L’Avent, un appel incessant à l’espérance.

« Notre Dieu est le Dieu qui vient », il ne nous abandonne jamais, assure le saint Père et, fort de cet appui, François demande aux fidèles de donner raison à l’espérance qui est en eux, notamment en cette période de pandémie.
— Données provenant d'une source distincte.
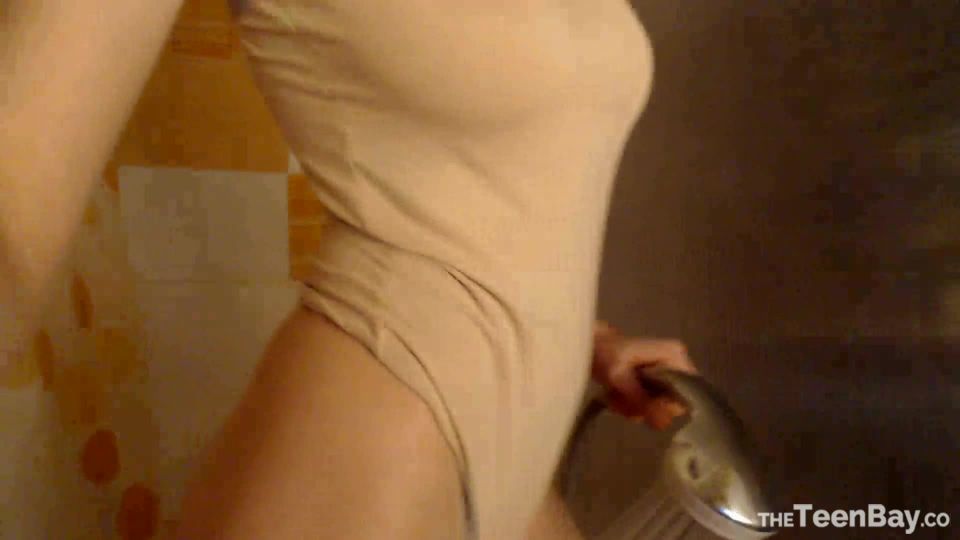 porn video 10 MFC Share – KiraKissss – Tease on teen amateur milf nude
En cette nouvelle année liturgique, « L’Église rythme le cours du temps avec la célébration des principaux événements de la vie de Jésus et de l’histoire du salut ; comme Marie, elle illumine le chemin de notre existence, nous soutient dans nos préoccupations quotidiennes et nous guide jusqu’à la rencontre finale avec le Christ », rappelle d’abord le Pape qui poursuit sa catéchèse sur la liturgie du jour qui invite à vivre ce «temps d’attente et d’espérance» qui prépare Noël, le temps de l’Avent.

« Notre Dieu est le Dieu qui vient : Il ne déçoit pas notre attente !» promet le Pape François.
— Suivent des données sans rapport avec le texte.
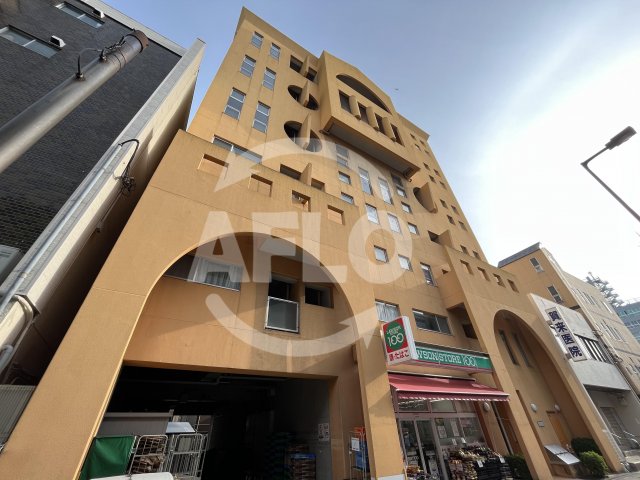 建物外観　ハーバーハウス大阪　外観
« Peut-être nous fera-t-il attendre, traverser des moments d’obscurité, parfois il ne se fait pas voir, mais il est le Dieu qui vient», répète François qui poursuit : « Il est venu à un moment précis de l’histoire et s’est fait homme pour prendre sur Lui nos péchés ; Il viendra à la fin des temps comme juge universel ; Il vient chaque jour visiter Son peuple, visiter chaque homme et chaque femme qui L’accueille dans la Parole, dans les Sacrements, dans leurs frères et sœurs ».
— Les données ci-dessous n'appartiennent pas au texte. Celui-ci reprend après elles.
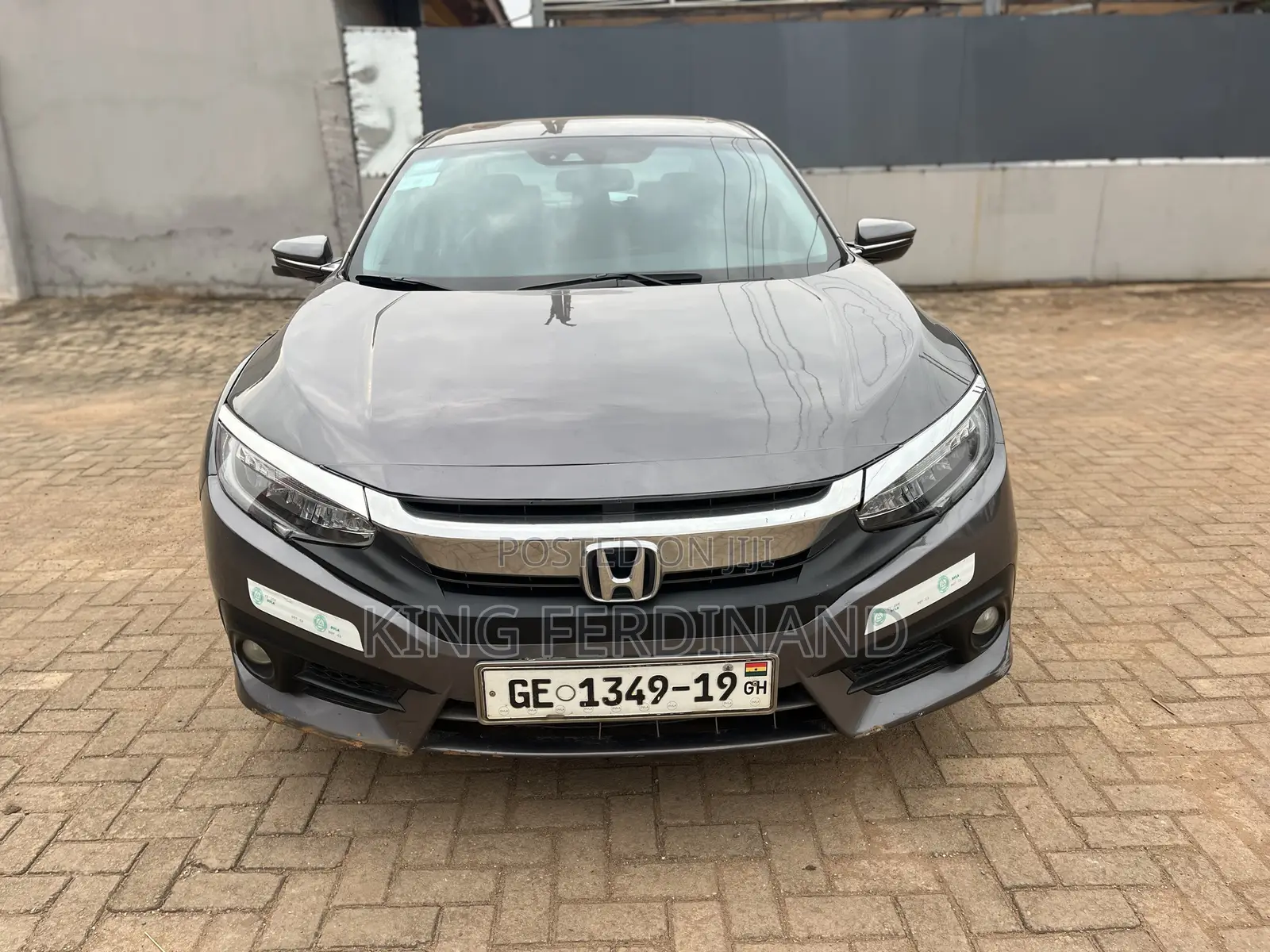Honda Civic Touring 4dr Sedan (1.5L 4cyl) 2016 Gray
« Jésus frappe à la porte de notre cœur, mais le laisse-t-on y entrer », s’interroge le Pape qui suggère de se mettre à l’écoute des idées et des inspirations qu’Il nous envoie chaque jour. La vie est faite de hauts et de bas, « de lumières et d’ombres » note François. Chaque personne vit des moments de déception, d’échec et de perplexité. Le Saint-Père souligne le contexte particulier dans lequel ce temps de l’Avent se déroule en outre cette année, celui de la pandémie. « La situation génère chez beaucoup de gens l’inquiétude, la peur et le découragement ; nous risquons de tomber dans le pessimisme, la fermeture et l’apathie ».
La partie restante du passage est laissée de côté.